Pierre Legrand, Daniel Larribe, Thierry Dol et Marc Féret ont été enlevés par le groupe Al Qaïda au Maghreb islamique (Aqmi) le 16 septembre 2010 sur un site d'extraction d'uranium d'Areva.

Les quatre hommes faisaient partie d'un groupe de sept personnes, dont cinq Français, pour la plupart des collaborateurs des groupes Areva et Satom, une filiale de Vinci.

Trois captifs - une femme, Françoise Larribe, épouse de Daniel Larribe, un ressortissant malgache et un Togolais - ont depuis été libérés.

"Ce qu'on clame haut et fort, c'est qu'ils sont là bas depuis trois ans, trois ans d'une vie volée c'est quelque chose d'inimaginable et d'inacceptable", a déclaré Françoise Larribe à la presse lors de la marche nocturne partie du siège de Vinci à Rueil Malmaison (Hauts-de-Seine).

Les familles des otages, qui se sont arrêtées entre autres au siège d'Areva et à l'Elysée où ils ont déposé une lettre pour le chef de l'Etat, devaient être reçues au Quai d'Orsay par le directeur du centre de crise.
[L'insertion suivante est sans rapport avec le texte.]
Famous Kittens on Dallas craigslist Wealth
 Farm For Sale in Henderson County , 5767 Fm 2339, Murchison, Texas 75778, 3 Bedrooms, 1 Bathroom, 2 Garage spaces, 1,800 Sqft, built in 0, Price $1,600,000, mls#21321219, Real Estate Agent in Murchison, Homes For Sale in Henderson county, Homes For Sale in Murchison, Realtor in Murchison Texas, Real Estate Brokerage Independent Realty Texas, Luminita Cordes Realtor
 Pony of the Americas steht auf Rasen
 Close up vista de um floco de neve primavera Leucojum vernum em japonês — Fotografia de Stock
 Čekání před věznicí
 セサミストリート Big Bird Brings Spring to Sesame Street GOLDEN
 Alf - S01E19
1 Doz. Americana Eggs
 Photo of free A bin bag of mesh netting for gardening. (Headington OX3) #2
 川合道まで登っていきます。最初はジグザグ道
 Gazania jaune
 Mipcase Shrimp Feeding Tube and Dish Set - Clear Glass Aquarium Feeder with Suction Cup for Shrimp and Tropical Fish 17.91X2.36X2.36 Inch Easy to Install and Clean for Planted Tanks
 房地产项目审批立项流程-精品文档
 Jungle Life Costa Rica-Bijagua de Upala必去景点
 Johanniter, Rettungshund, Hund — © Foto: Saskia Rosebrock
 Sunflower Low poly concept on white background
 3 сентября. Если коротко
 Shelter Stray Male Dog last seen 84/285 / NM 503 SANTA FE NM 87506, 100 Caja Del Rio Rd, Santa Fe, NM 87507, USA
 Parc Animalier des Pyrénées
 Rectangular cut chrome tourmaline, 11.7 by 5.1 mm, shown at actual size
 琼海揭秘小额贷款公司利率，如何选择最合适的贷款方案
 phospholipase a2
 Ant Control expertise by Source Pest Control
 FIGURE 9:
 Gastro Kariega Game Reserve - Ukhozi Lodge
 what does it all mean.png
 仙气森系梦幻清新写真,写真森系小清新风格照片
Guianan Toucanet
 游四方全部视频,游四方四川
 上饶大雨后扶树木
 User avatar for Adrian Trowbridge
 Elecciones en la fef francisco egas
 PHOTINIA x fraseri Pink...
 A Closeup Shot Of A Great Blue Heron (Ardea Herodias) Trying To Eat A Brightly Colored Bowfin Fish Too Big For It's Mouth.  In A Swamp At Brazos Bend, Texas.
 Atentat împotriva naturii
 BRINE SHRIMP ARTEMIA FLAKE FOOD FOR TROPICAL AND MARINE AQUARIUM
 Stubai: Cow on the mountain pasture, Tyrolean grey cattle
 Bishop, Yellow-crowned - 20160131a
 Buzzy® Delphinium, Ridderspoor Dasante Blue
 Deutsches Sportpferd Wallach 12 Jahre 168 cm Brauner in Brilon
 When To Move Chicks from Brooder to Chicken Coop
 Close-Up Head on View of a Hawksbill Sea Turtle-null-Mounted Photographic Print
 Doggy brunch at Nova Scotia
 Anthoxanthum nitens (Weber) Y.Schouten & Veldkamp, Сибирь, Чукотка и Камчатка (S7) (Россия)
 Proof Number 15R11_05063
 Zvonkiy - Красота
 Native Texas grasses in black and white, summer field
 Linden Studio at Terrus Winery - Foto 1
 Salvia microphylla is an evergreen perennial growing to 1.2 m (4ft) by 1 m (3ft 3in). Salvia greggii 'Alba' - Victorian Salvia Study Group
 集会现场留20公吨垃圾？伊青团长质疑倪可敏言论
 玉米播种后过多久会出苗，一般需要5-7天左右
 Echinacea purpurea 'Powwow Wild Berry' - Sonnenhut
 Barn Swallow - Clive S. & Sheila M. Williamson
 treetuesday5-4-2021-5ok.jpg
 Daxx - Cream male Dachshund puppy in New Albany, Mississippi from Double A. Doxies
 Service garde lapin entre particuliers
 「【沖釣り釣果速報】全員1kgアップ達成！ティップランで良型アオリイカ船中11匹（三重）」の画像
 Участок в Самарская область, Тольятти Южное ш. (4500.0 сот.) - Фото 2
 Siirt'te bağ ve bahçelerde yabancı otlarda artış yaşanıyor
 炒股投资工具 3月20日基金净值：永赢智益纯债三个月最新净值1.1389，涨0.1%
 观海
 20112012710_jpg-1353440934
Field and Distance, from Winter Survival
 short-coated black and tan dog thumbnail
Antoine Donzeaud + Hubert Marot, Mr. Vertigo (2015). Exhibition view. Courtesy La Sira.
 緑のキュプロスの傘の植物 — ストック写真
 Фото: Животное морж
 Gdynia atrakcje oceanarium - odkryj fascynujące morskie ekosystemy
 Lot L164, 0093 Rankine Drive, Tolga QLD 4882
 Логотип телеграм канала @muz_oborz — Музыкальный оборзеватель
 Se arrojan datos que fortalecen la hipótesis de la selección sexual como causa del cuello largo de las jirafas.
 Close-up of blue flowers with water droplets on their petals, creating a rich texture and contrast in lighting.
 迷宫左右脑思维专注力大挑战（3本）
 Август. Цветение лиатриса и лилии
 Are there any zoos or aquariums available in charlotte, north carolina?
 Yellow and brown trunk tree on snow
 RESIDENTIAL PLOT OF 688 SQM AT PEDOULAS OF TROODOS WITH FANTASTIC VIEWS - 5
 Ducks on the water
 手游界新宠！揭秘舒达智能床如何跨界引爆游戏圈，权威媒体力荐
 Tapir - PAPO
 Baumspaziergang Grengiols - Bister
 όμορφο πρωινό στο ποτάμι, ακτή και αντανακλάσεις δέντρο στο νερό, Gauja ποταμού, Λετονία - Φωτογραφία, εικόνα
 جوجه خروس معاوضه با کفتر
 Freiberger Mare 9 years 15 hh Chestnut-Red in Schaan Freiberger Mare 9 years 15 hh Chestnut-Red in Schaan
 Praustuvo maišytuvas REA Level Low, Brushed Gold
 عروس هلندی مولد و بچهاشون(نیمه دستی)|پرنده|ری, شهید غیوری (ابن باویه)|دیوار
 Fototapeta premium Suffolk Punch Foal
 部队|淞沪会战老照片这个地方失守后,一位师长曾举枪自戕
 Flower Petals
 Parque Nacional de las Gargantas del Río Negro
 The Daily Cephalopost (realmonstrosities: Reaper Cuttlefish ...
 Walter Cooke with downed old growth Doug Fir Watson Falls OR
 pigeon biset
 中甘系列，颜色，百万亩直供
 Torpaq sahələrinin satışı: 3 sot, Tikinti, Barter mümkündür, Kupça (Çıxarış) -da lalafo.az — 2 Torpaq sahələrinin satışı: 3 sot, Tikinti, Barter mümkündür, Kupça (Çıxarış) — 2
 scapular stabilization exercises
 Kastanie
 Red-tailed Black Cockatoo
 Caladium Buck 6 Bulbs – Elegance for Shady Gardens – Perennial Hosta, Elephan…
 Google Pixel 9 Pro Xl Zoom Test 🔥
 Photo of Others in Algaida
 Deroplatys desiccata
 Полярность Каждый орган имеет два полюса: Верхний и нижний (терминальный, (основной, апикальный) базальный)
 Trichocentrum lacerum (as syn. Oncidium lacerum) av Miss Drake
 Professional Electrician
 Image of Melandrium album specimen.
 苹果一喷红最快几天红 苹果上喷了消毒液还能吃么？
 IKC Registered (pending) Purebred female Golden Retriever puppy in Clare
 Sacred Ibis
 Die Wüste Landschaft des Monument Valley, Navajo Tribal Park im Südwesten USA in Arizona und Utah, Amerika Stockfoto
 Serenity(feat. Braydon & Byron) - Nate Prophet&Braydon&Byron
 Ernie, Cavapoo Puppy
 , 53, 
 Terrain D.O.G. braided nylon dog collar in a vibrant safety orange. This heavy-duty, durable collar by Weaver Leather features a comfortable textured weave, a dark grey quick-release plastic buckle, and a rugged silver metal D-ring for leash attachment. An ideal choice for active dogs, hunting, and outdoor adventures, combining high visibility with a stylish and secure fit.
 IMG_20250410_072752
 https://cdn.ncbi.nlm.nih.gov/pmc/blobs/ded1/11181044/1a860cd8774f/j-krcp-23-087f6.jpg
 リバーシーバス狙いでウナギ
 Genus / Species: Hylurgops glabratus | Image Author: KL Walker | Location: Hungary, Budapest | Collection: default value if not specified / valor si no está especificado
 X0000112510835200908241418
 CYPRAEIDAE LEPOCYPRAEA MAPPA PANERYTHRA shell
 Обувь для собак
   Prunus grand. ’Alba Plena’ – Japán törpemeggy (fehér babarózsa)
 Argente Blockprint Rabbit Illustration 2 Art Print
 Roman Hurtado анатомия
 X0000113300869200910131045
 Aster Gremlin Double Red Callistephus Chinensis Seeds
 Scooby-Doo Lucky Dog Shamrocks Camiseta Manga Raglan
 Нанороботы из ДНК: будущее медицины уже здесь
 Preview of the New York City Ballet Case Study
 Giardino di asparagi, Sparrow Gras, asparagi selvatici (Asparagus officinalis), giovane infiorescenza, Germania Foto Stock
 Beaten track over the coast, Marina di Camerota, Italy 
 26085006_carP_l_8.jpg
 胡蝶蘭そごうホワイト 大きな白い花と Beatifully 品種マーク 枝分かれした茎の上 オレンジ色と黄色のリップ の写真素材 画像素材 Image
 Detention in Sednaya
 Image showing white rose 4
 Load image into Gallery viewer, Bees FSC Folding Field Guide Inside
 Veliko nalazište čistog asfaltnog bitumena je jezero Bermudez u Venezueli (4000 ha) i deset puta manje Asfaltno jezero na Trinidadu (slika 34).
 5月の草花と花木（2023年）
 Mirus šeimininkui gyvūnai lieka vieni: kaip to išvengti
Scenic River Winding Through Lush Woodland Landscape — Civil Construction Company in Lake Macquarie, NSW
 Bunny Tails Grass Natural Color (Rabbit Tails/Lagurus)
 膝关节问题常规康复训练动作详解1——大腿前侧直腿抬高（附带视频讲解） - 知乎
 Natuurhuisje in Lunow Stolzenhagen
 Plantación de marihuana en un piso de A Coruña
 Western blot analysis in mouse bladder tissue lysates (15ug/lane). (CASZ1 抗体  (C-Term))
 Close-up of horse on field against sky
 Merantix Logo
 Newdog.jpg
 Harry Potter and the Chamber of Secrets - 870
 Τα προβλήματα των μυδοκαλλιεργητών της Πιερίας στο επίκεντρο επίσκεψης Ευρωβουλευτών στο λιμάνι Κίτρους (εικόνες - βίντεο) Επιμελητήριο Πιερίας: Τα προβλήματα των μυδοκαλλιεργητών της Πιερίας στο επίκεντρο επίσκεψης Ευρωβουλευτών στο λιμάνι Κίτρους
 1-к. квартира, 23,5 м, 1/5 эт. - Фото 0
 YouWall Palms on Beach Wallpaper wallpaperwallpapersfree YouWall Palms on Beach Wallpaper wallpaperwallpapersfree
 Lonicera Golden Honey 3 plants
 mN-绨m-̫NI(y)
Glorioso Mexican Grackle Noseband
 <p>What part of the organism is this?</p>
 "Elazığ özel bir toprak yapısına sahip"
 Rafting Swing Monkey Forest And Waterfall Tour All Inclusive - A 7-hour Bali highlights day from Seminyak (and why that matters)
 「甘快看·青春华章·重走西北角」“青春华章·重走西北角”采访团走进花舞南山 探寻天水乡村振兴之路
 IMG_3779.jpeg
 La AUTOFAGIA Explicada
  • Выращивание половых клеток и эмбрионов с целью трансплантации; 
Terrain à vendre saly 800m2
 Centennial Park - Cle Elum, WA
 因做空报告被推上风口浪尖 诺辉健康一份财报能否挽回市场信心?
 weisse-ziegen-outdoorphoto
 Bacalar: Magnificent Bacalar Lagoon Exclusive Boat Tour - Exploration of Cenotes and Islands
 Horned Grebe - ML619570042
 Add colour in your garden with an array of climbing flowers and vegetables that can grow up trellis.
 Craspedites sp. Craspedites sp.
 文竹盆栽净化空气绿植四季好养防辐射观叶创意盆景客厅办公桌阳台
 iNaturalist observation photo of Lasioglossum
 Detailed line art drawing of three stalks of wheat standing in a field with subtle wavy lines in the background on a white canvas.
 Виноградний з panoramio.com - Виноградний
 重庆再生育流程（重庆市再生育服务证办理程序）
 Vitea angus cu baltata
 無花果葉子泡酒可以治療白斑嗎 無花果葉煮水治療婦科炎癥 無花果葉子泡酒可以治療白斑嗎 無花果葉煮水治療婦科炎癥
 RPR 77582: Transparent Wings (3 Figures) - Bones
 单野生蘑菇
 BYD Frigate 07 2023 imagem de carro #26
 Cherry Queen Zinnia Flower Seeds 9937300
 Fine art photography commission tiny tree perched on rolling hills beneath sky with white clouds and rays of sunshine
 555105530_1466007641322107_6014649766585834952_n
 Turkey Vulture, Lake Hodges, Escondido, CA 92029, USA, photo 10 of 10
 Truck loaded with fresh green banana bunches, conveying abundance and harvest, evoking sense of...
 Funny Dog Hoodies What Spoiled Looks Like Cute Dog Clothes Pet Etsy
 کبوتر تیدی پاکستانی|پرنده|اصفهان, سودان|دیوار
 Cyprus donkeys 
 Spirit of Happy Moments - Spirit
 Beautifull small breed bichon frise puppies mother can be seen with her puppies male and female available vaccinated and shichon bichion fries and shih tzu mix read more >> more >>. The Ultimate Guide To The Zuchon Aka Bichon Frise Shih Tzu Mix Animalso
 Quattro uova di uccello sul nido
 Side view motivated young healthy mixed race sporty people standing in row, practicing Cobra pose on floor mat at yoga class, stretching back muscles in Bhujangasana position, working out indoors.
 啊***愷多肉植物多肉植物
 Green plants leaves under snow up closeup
Lors de son interview télévisée dimanche soir sur TF1, François Hollande a annoncé avoir des "preuves de vie" des otages.

"Je sais ce que ça représente pour les familles. Je les ai reçues plusieurs fois", a dit le chef de l'Etat. "Je peux leur dire, je dois leur dire que nous faisons tout pour aller les chercher."